Вздохнув, Расмус растянулся на мягком мху, положив голову на колени к Еве Лотте. Казалось, он принял твердое решение никогда больше не двигаться. Сонно мигая, смотрел он снизу вверх на Еву Лотту, а она думала: «Пусть поспит часок, может, потом будет легче!» Она взяла его руки в свои, и он не сопротивлялся. Тогда она стала тихонько напевать ему. Он заморгал глазами, честно пытаясь не заснуть и следя глазами за бабочкой, порхавшей над черничником.
– На нашей лужайке черника растет… - пела Ева Лотта.
Но тут Расмус запротестовал:
– Лучше бы спела: «На нашей лужайке свинина растет…»
И тут же заснул.
Ева Лотта вздохнула. Ей тоже хотелось бы заснуть. Ей хотелось задремать и проснуться дома, в собственной своей кровати, и с радостью обнаружить, что весь этот ужас ей просто приснился. Грустная и встревоженная, сидела она в черничнике, чувствуя себя ужасно одинокой.
И тут в отдалении она услыхала голоса. Голоса, которые приближались и которые она узнала. А вслед за этим послышался треск веток, ломавшихся под тяжелыми шагами. Неужели можно так испугаться и остаться в живых! Нет, от этого не умирают, тебя просто совершенно парализует страх, так что ты не можешь пальцем шевельнуть, только сердце начинает дико и мучительно биться в груди. Мелькая между деревьями, к ним приближались Никке и Блум… и этот Сванберг тоже, конечно, был вместе с ними.

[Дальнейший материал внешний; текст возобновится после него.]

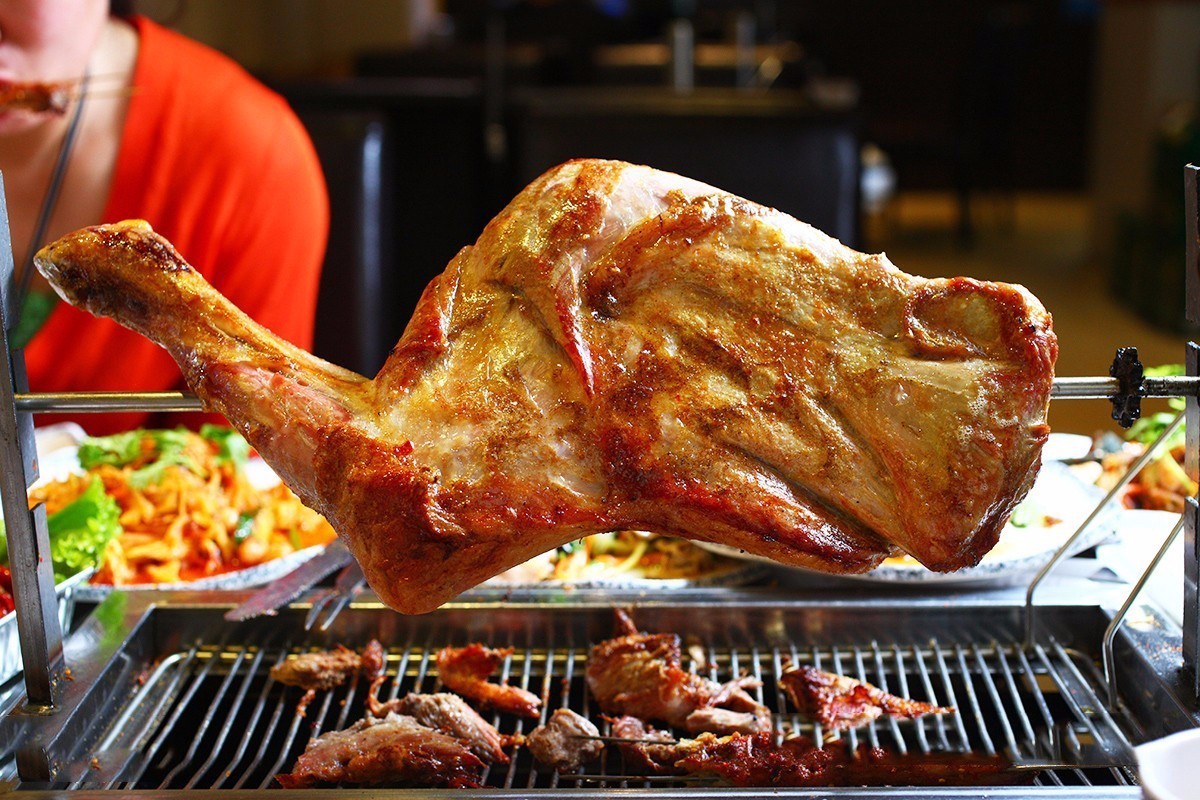  p>烧羊腿是一道菜品,主要制作材料有羊前腿肉 2000克. /p>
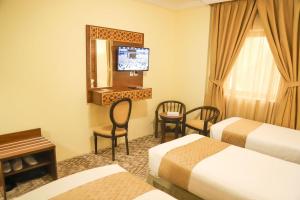 Postel nebo postele na pokoji v ubytování Abraj Al Tayseer Tuwa Hotel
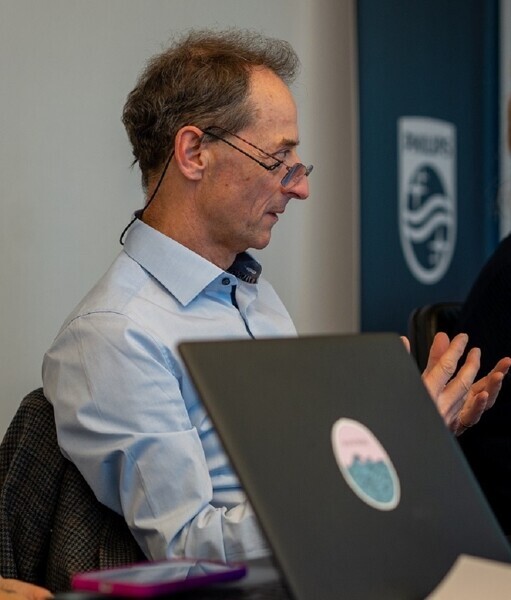 Prof. Iain Chapple.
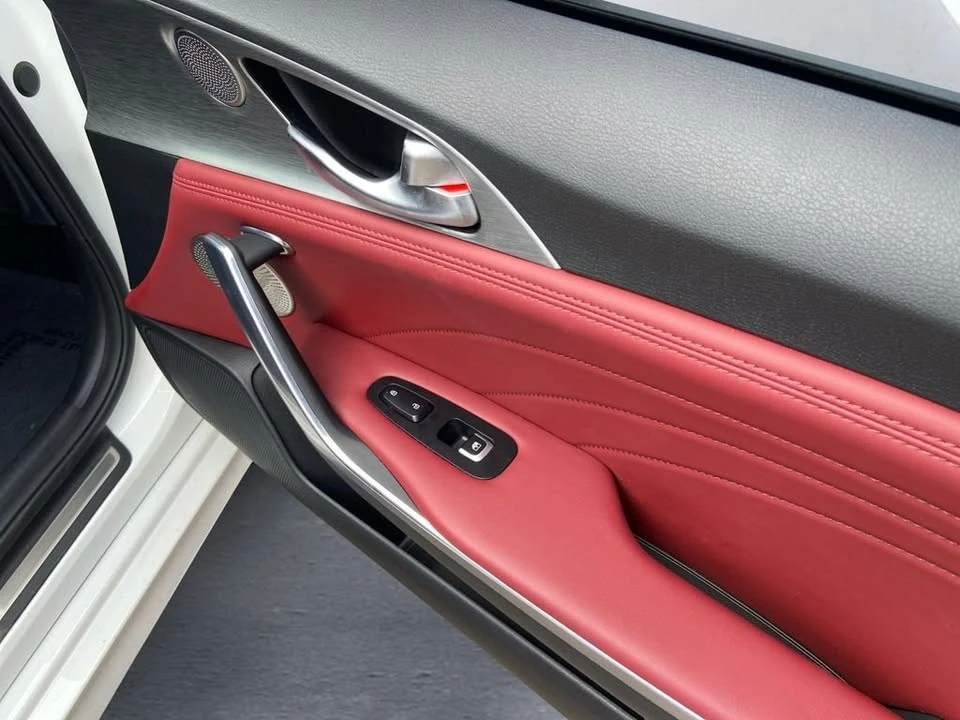2023 Kia Stinger GT - Image 12 of 15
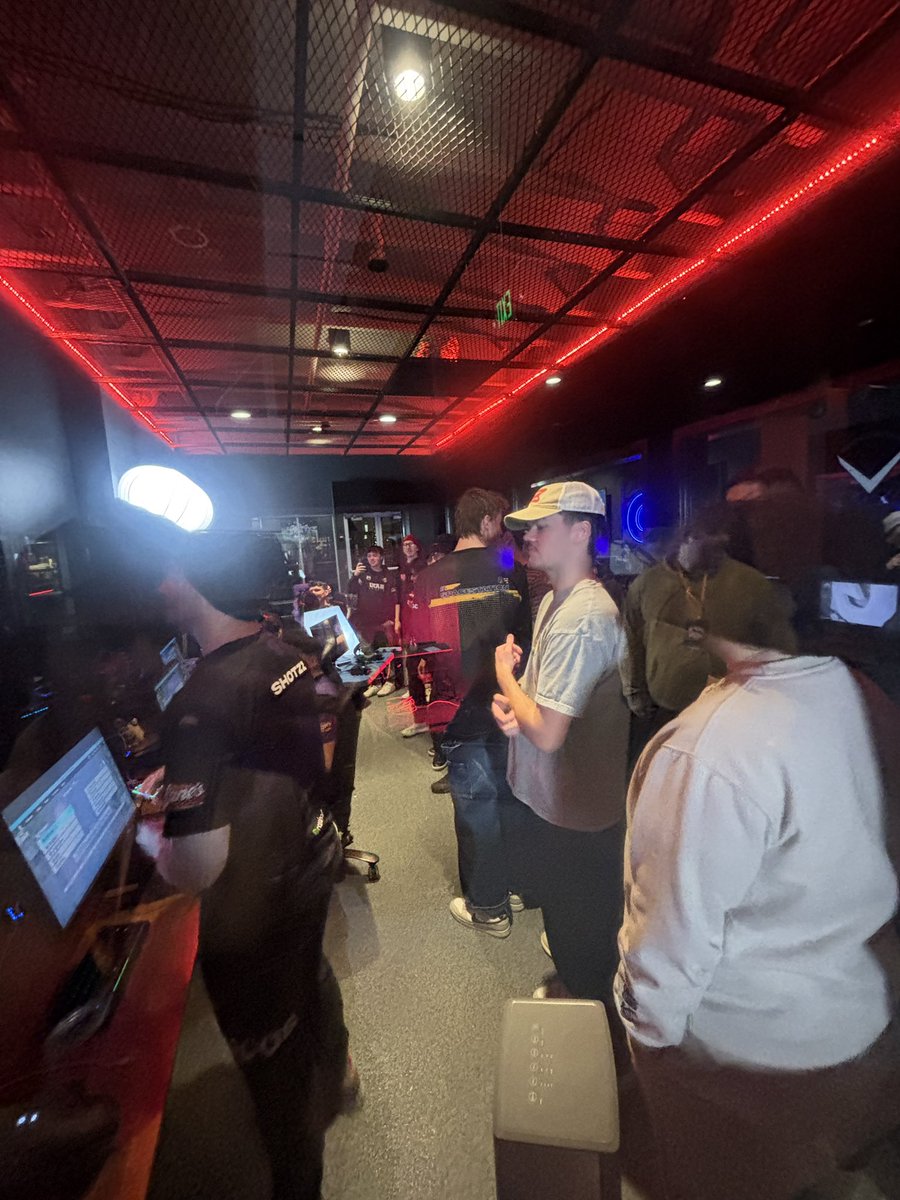 This weekend was unimaginable. It was stressful, it was fun, it was humbling. We hit over 300 viewers on our grand final at 1 AM and these students deserve all of the attention! Thanks to everyone for putting up with our hiccups and making this one to remember! CR6 on top 🧡💙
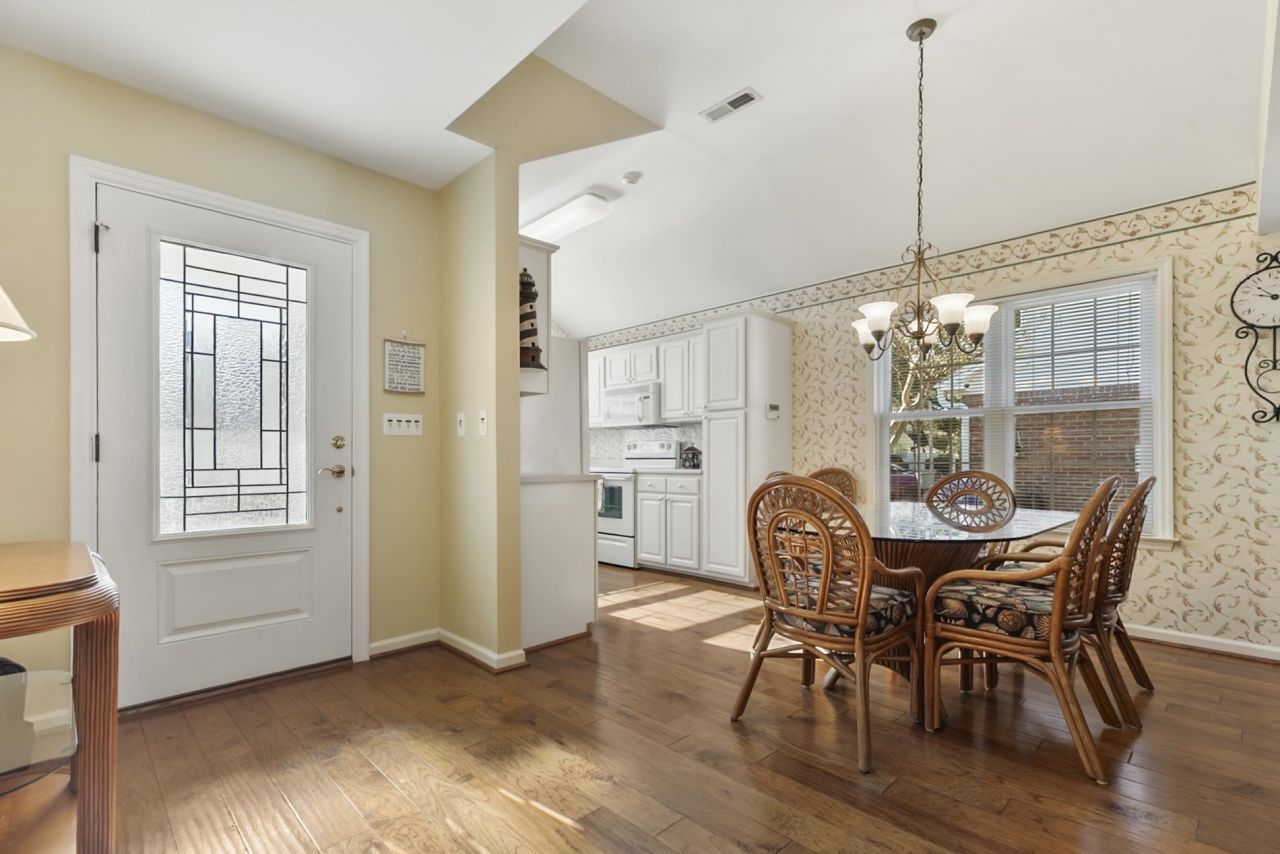 4002 Acorn Way Photo 8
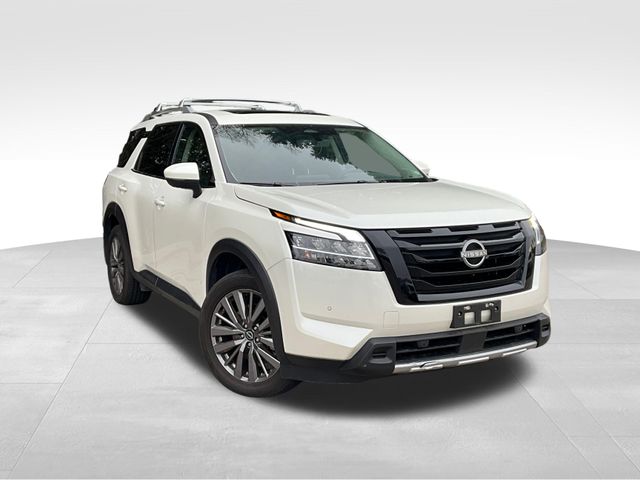 Pearl White Tricoat 2023 Nissan Pathfinder SL 4WD SUV / Crossover All-Wheel Drive 9-Speed Automatic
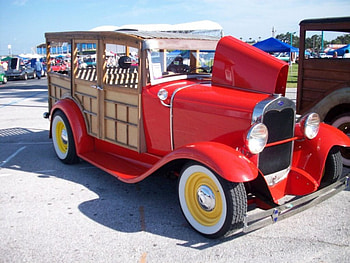 Orange Woody, ford, classic, yellow rims, wood HD wallpaper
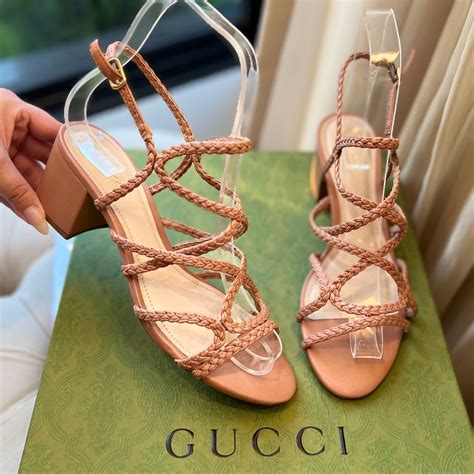 Sandália Arezzo Trançada Nude Sandália Feminina Arezzo Usado 93039339 enjoei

Она ничего не могла поделать. У нее на коленях спал Расмус. Она не могла разбудить его и убежать. Все равно ничего не помогло бы. Им не успеть убежать. Оставалось лишь сидеть на месте и ждать, пока их поймают.
Теперь Никке и Блум были так близко, что Ева Лотта отчетливо слышала их слова.
– Я никогда не видел Петерса в такой ярости, - говорил Блум.
– И меня это совершенно не удивляет. Ты - безмозглая скотина, Никке.
– Во всем виновата эта девчонка. Хотел бы я с ней потолковать. Ну погодите, я ее поймаю, - пробурчал Никке.
– Да, этого, верно, ждать не долго, - заявил Блум.
– Во всяком случае, они должны быть здесь, на острове.
– Будь спокоен, - сказал Никке.
– Я их поймаю, если даже для этого мне придется обшарить каждый куст.
Ева Лотта закрыла глаза. Они всего в десяти шагах от нее, и она не в состоянии смотреть на них. Она закрывает глаза и ждет. Скорее бы уж они обнаружили ее, чтобы она могла наконец заплакать, о чем так давно мечтала.
Она сидит, закрыв глаза и прислонившись спиной к мшистому валуну, и слышит голоса как раз по другую сторону валуна. Как они близко, как ужасающе близко! Но вот они уже не так близко; уже совсем не так близко. Все глуше звучат их голоса, и шаги затихают; наконец они уходят, и вокруг нее становится удивительно тихо. Маленькая птичка щебечет в кустах - единственное, что она слышит.
Долго-долго сидит она на поросшей мхом земле. Она не смеет шевельнуться. Ей хочется сидеть у валуна и вообще ничем больше в жизни не заниматься.
Но в конце концов Расмус просыпается, и тогда Ева Лотта понимает, что необходимо приободриться.
– Пошли, Расмус, - говорит она.
– Нам надо уходить отсюда.
Она беспокойно оглядывается по сторонам. Солнце уже не светит. Большие темные тучи плывут по небу. Видно, ночью пойдет дождь. Уже падают первые капли.
– Хочу к папе, - капризничает Расмус.
– Не хочу больше оставаться в лесу, хочу к папе!